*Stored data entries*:
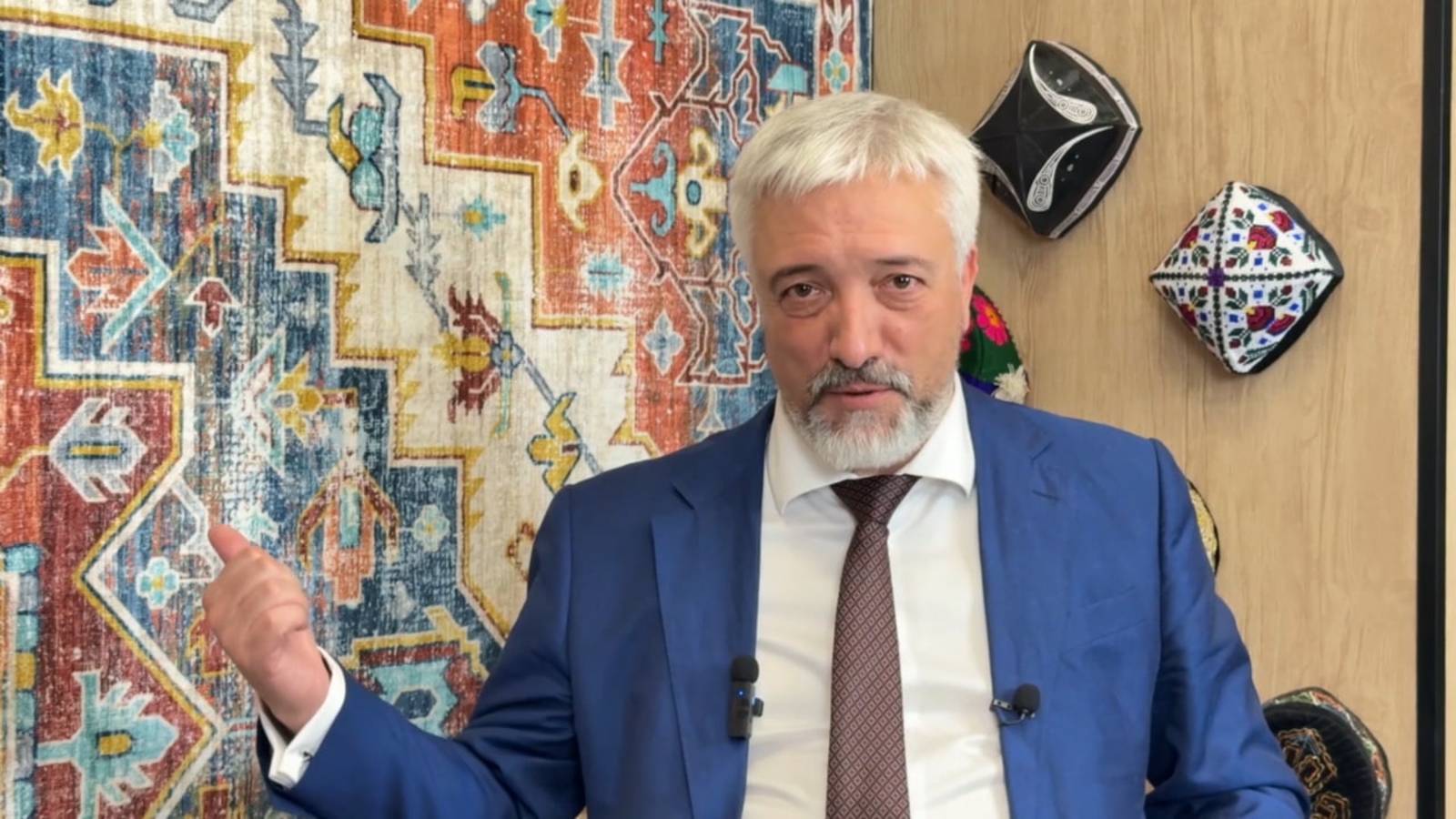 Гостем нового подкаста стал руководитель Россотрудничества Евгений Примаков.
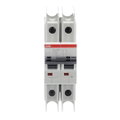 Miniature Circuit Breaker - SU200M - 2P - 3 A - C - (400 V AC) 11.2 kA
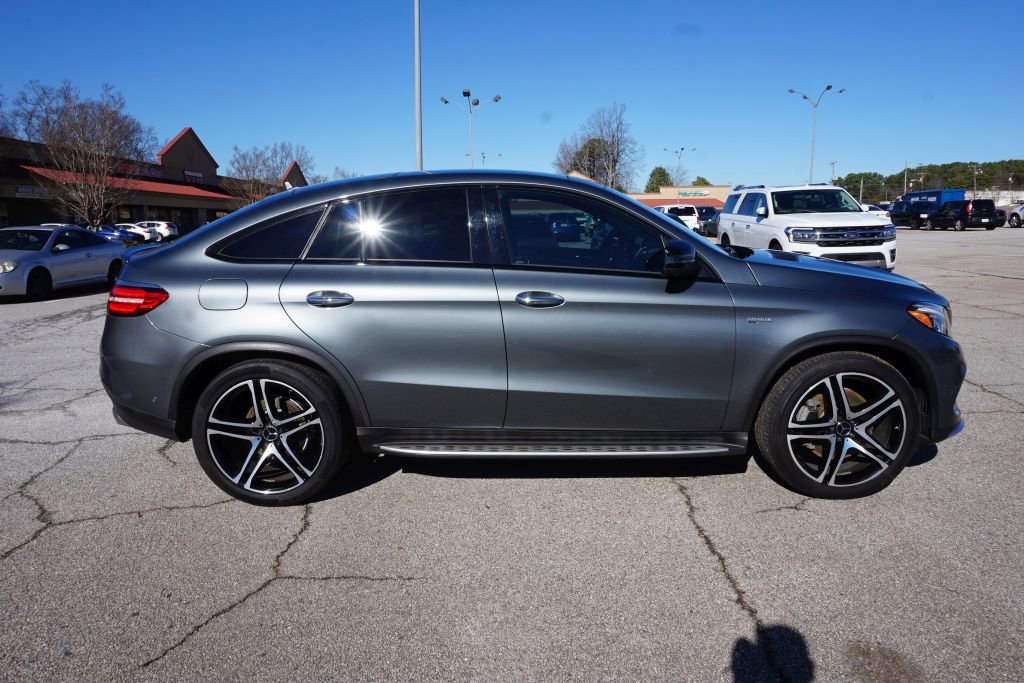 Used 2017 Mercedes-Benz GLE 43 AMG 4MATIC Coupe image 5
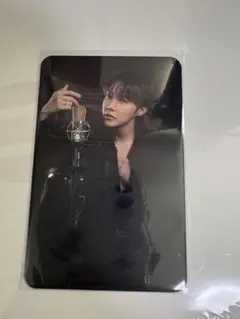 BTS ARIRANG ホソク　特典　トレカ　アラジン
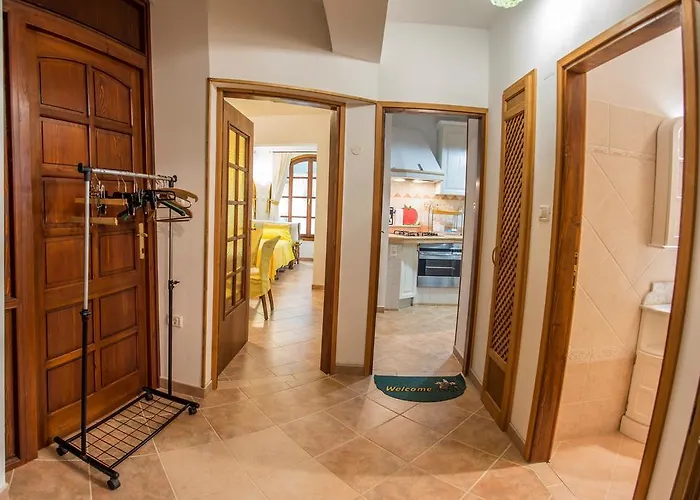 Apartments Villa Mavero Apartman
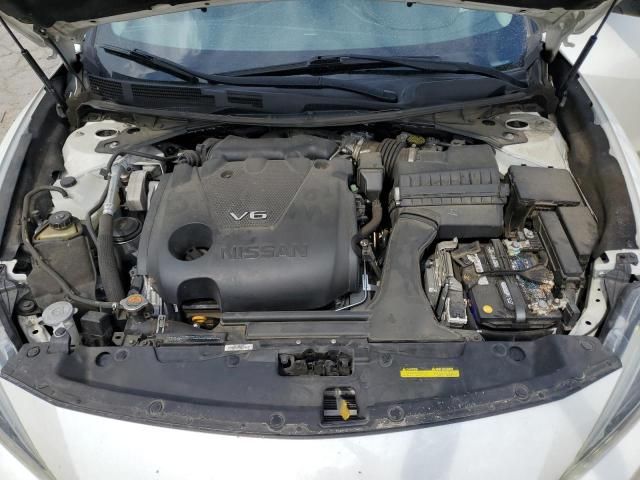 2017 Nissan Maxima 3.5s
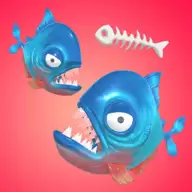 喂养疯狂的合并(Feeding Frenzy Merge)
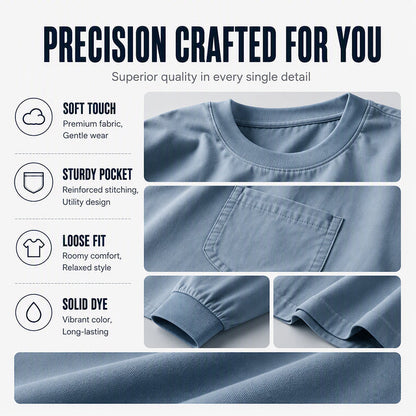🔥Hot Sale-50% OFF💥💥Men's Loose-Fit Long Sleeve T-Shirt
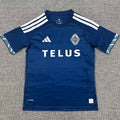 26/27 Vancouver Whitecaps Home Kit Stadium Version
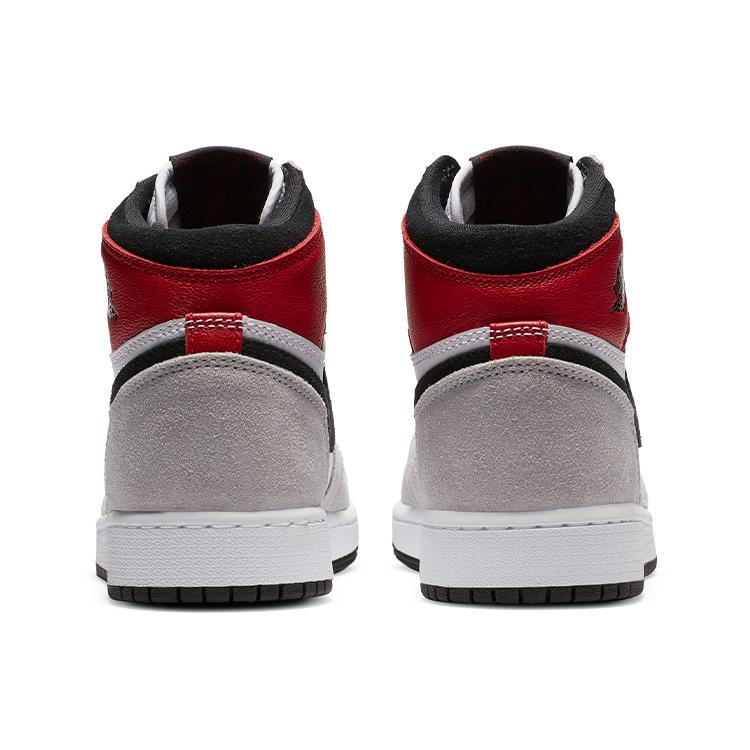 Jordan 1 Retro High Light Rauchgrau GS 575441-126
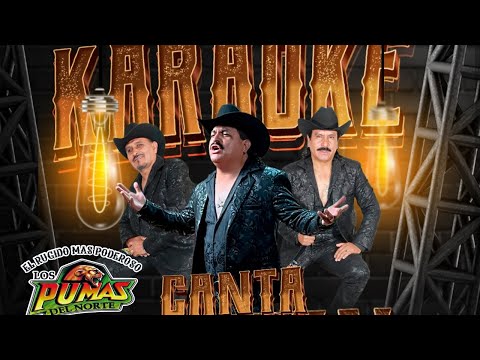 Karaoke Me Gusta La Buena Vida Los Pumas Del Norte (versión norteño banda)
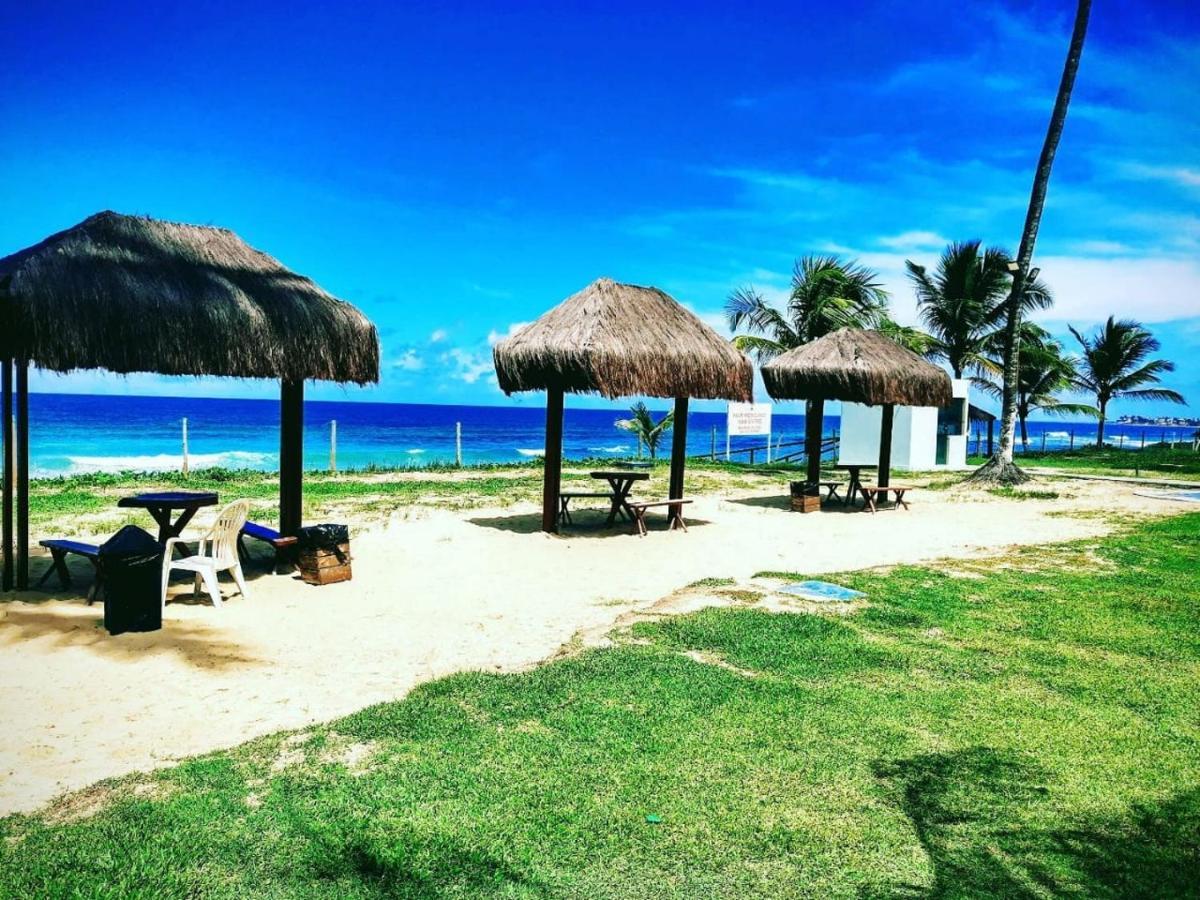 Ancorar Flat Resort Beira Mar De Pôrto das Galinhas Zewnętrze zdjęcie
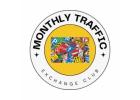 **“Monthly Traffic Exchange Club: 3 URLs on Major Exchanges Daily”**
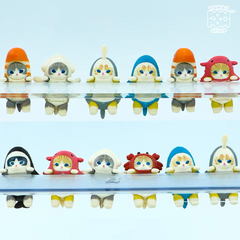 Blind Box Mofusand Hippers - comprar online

*Directions*: In the records above, find the line that contains "2017 Nissan Maxima 3.5s" and retype it and all lines after it exactly, leaving out any pictures.

*Response to this task*:
 2017 Nissan Maxima 3.5s
 喂养疯狂的合并(Feeding Frenzy Merge)
🔥Hot Sale-50% OFF💥💥Men's Loose-Fit Long Sleeve T-Shirt
 26/27 Vancouver Whitecaps Home Kit Stadium Version
 Jordan 1 Retro High Light Rauchgrau GS 575441-126
 Karaoke Me Gusta La Buena Vida Los Pumas Del Norte (versión norteño banda)
 Ancorar Flat Resort Beira Mar De Pôrto das Galinhas Zewnętrze zdjęcie
 **“Monthly Traffic Exchange Club: 3 URLs on Major Exchanges Daily”**
 Blind Box Mofusand Hippers - comprar online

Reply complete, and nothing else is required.